Zwar sei nicht jeder Eingriff in das Recht am eigenen Bild gleich auch eine Persönlichkeitsrechtsverletzung. Denkbare Ausnahmen nach:
- § 26 Bundesdatenschutzgesetz (Diebstahlverdacht),
- Artikel 6 Absatz 1 Buchstabe a Datenschutzgrundverordnung (Einwilligung) und
- Artikel 6 Absatz 1 Buchstabe f Datenschutzgrundverordnung (sonstiges berechtigtes Interesse des Arbeitgebers)
kämen im vorliegenden Fall aber nicht in Betracht. So fehle es allein deshalb schon an einer rechtlich wirksamen Einwilligung, weil sie lediglich über eine Klausel im Arbeitsvertrag eingeholt wurde. Um aber wirklich allen gesetzlichen Anforderungen zu genügen, müsse die Zustimmung zu Überwachungsmaßnahmen gesondert erfolgen.
Zudem konnte der Arbeitgeber vor Gericht kein berechtigtes Interesse vortragen, das groß genug wäre, um einen so drastischen Eingriff in die Privatsphäre der Mitarbeitenden zu rechtfertigen: Konkrete Anhaltspunkte für einen Dieb im Betrieb habe es nicht gegeben. Ebenso wenig konnte der Beklagte darlegen, welche Art von Arbeitsunfall durch den Einsatz der Kameras verhindert werden solle. Alles in allem sah das LAG keine tragfähige Begründung für die Überwachung.
15.000 EUR Schmerzensgeld für Dauerüberwachung
Die durchaus ungewöhnlich hohe Entschädigung erklärten die Richter mit der ebenfalls ungewöhnlich hohen Belastung, der der ehemalige Beschäftigte während seiner Zeit im Betrieb ausgesetzt gewesen sei: 22 Monate lang stand der Mann unter dauerhaftem Stress und Anpassungsdruck, weil die Kameras ihn unentwegt durch seinen Arbeitsalltag begleiteten und jede seiner Handlungen aufzeichneten.

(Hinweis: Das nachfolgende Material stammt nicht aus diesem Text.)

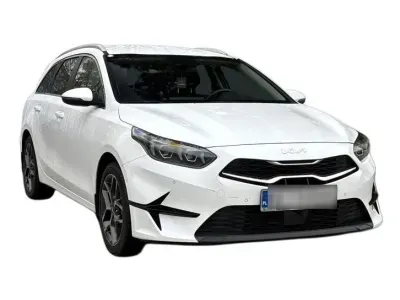 BIAŁY KOMBI KIA CEED z 2023 r., BENZYNA, skrzynia biegów AUTOMATYCZNA 160KM, zdjęcie 10 z 19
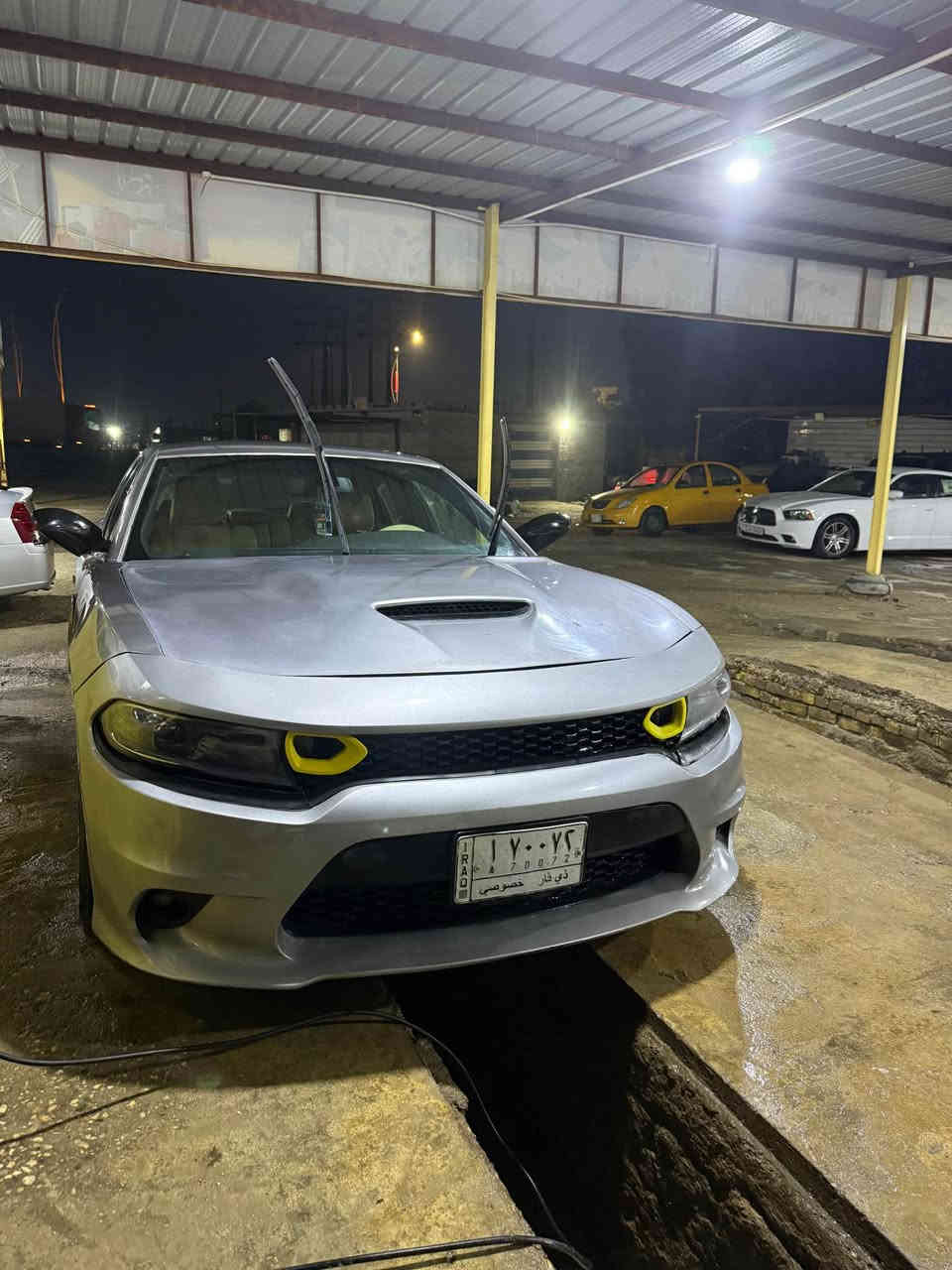 جارجر 2016 اصل 
محدثه داخل وخارج GT
سقف رولز رويس ريموت متغير وعالتلفون
كلاصات حار بارد 
شاشه كار بلاي
شاشات خلفيه 
تشغيل عن بعد 
سستم صوت بيس
دمام بيس وامبلي فاير 
كشنات تدفئة وتبريد كهربائي 
دواسة بانزين كهربائية 

تبديل 3 قطع 
باب مبدل نفس اللون اصلي اثر شخوط 
جاملغ جهة العبري 
والبنيد مبدل لغرض التحديث بنيده الاصلي موجود 
بيه رشات صبغ خفيفه مو اثر حادث شخوط تصلحت بدون معجون بالجاملغات الخلفيه 
كير محرك كفاله مفتوحه سرعه 
السعر : 175 وبيه مجال للشراي 
رقم الهاتف : *********** الشطره, ذي قار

Erschwerend komme hinzu, dass der Ex-Arbeitgeber des Klägers die Überwachung auch nach einer schriftlichen Beschwerde des Verfahrenstechnologen einfach fortgesetzt hat, ohne sie auf ihre Rechtmäßigkeit oder Angemessenheit prüfen zu lassen. Basierend auf der bisherigen Rechtsprechung anderer Landesarbeitsgerichte in ähnlich gelagerten Fällen und dem eklatanten Fehlverhalten des Beklagten hielten die Hammer Richter ein Schmerzensgeld in Höhe von 15.000 EUR für angemessen.
Die Botschaft, die das LAG Hamm mit diesem Urteil an Betroffene von unrechtmäßiger Kameraüberwachung am Arbeitsplatz sendet, ist klar: Das Beobachten der eigenen Arbeitnehmer folgt klaren Regeln, an die sich Vorgesetzte zu halten haben. Tun sie das nicht, haben Sie immer die Möglichkeit, zu klagen.